Located a few minutes walk from the west exit of Kamakura Station, Jufukuji slumbers peacefully away from the hustle and bustle of Komachi Dori. Upon entering the outer gate, a feeling of tranquility descends: here nature and time have woven a delicate tapestry with moss covered rocks and trees gently guiding you to the main hall.

Jufukuji was built by Masako Hojo to commemorate her husband Miyamoto Yoritomo, who died in a riding accident.

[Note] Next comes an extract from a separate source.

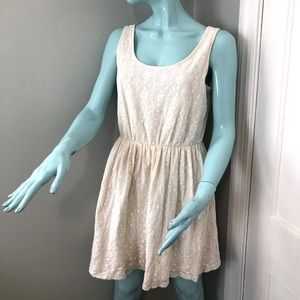 An off white/ Ivory lace dress in an A-line style is a great look for spring!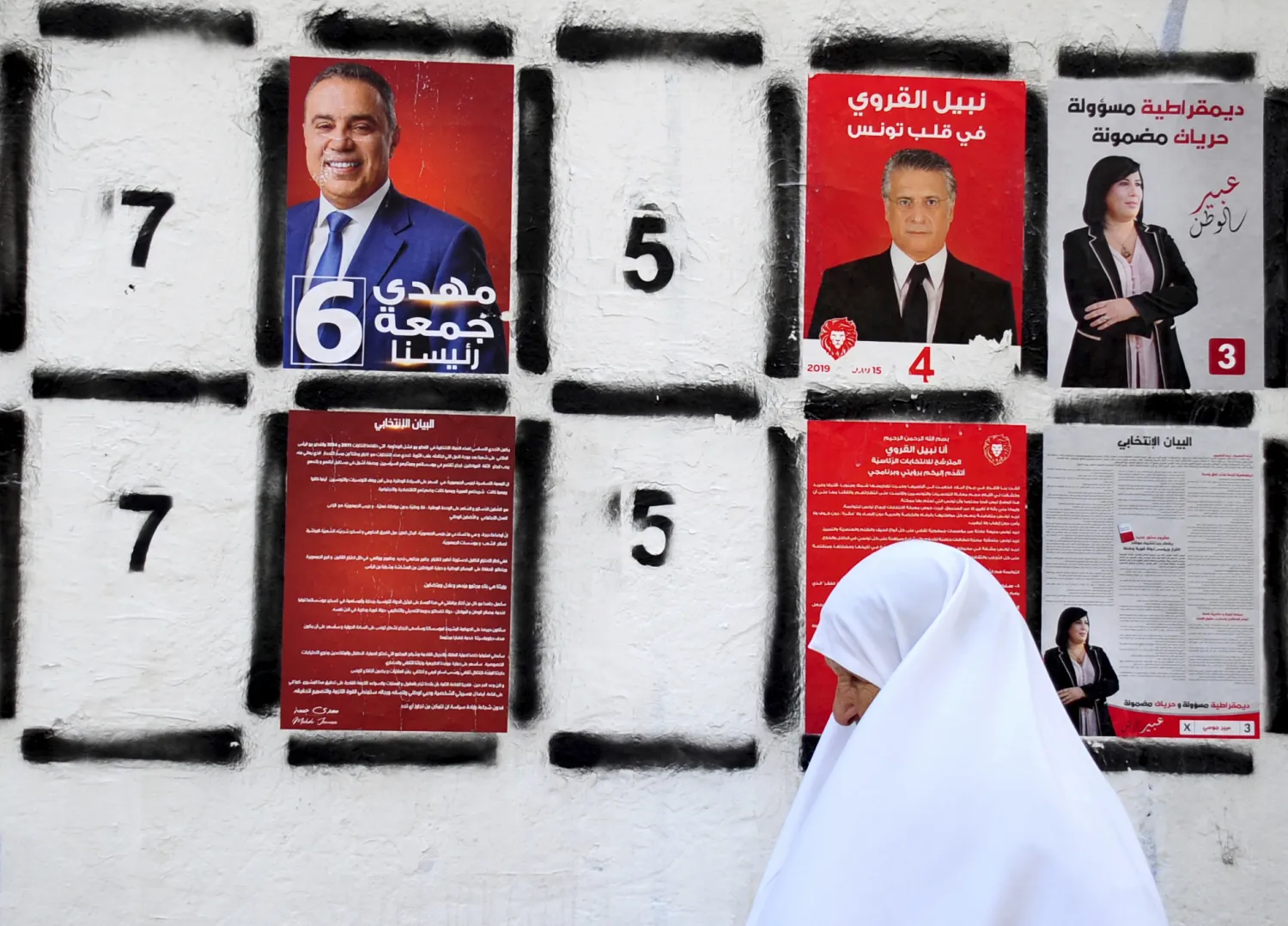 In this September 4, 2019 file photo, a woman walks past a wall of campaign posters in Tunis, Tunisia. (AP Photo/Hassene Dridi, File)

It is Kamakura’s first Zen temple, with founding priest Myoan Eisai chosen personally by Masako.  Eisai (considered the father of Zen Buddhism in Japan) also introduced green tea to Japan, bringing seedlings back from China.

Although most of the temple is closed to visitors except during holidays like Golden Week, one can still get close enough to appreciate the beauty of Jufukuji.  The temple graveyard, located just behind the main hall, contains many yagura (funeral caves) which are sheltered by the lush foliage of the hillside. Here there are cenotaphs for Masako Hojo and Masako’s son Sanetomo, as well as many plots for some of Kamakura’s oldest families.  The graves of Jiro Osaragi (novelist), Kyoshi Takahama (haiku poet), and Iso Mutsu (Gertrude Ethel Passingham) can also be found here.